Repeat the cold water bath, lock her out of the coop, and manually place her on the roost again that night.
If your chicken runs out to greet you in the morning and goes about her daily scratching and pecking, she might be back to her normal self. But keep an eye on her throughout the day, as I actually did find my chicken back in the egg box that afternoon.
Method #4: Chicken jail.
Do you know what happens to a naughty chicken that stays broody?
Yup. Chicken jail.
Or as I like to call it, Casa de Gallinas (the farm version of casa de perros, which I’m sure every spouse has found himself in at some point).
A chicken jail can be a wire dog kennel, a rabbit hutch, or an enclosed pen (which some flock owners keep as “hospital pens” for quarantining sick hens or isolation pens for introducing new flock members).
In my case, I used a medium-sized dog kennel. It came with a separate wire panel that could be attached inside to divide the space for puppy training. It also had a plastic mat underfoot, which I removed.
The goal of chicken jail is to make your broody as bored and uncomfortable as possible — no nesting areas, no warm dark cozy corner to hide in.

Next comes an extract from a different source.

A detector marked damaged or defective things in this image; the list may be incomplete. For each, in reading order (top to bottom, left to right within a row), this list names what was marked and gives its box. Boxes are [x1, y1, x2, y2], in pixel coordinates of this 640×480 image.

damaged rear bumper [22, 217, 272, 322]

Ideally, the kennel should be elevated on wooden beams, cinder blocks, small crates, or anything that’s safe and stable and will provide plenty of air flow under and around the chicken as she sits.
In place of the plastic mat, I laid down the wire panel, which had a smaller grid and offered a little more foot grip. You want your chicken to be uncomfortable, but you don’t want her to hurt herself. A sheet of hardware cloth also works well for flooring.

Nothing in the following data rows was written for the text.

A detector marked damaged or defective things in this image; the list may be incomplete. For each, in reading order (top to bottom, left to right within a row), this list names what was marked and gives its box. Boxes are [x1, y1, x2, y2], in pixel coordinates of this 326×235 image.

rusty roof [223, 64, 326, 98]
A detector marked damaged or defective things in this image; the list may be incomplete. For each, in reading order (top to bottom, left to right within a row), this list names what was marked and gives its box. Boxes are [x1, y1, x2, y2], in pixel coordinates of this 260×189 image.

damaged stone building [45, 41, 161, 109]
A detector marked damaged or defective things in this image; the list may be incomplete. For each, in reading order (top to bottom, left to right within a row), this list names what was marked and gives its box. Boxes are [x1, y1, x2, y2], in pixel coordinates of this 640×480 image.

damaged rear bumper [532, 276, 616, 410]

Place your chicken inside the kennel with plenty of food and water, and leave her in there all day and all night. She does not roost with the rest of the flock, nor does she get her own roost.

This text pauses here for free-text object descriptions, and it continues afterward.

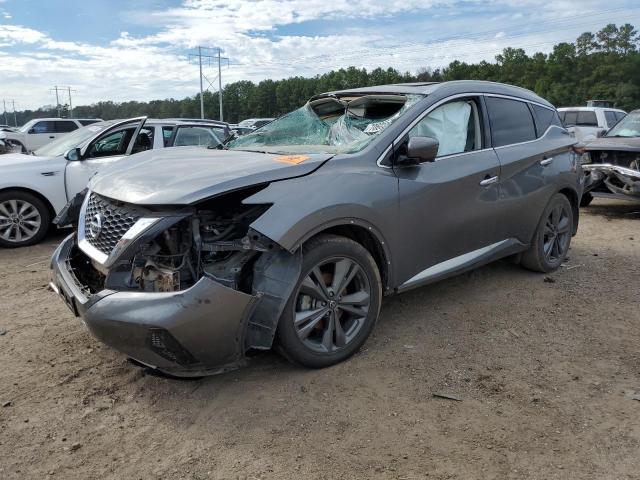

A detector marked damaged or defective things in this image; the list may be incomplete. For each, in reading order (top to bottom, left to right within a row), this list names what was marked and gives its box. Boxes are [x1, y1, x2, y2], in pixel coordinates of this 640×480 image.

shattered windshield [228, 94, 422, 154]
shattered windshield [604, 111, 640, 137]
crumpled hood [90, 145, 336, 203]
damaged front end [584, 151, 640, 202]
gray damaged suv [48, 80, 580, 376]
damaged front end [50, 186, 300, 376]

I put the kennel inside our enclosed run, as it gets good dappled light and a soft cool breeze throughout the day (mitigating her desire to nest). It offers protection from predators but still feels social, as my other chickens like to hang around it.
In the morning, let your broody out and observe her behavior. If she runs immediately to the egg box, back into chicken jail she goes. If she starts scratching the ground and interacting with the other chickens, success!
Do keep an eye on her and make sure she doesn’t retreat to her nest again. It took my chicken two-and-a-half days of chicken jail before I was able to break her broodiness. (I’ve read that some particularly stubborn chickens may spend up to six days in confinement before they’re back to their normal selves.)
When I let my chicken out on that third morning, she happily bounded out of the kennel and started dust bathing in the mulch. She ate out of my hand again and ran after every mealworm I threw out.
She also started following her flock sisters around, which was when I knew she was “cured” — the flock’s super social, so it was a relief to see them scratching and flapping around together.
Since it takes some time for their hormone levels to get back in balance, ex-broodies may not lay for a couple of weeks after they’ve been broken. Just make sure they continue to eat, drink, and socialize, and watch for that first egg to pop out!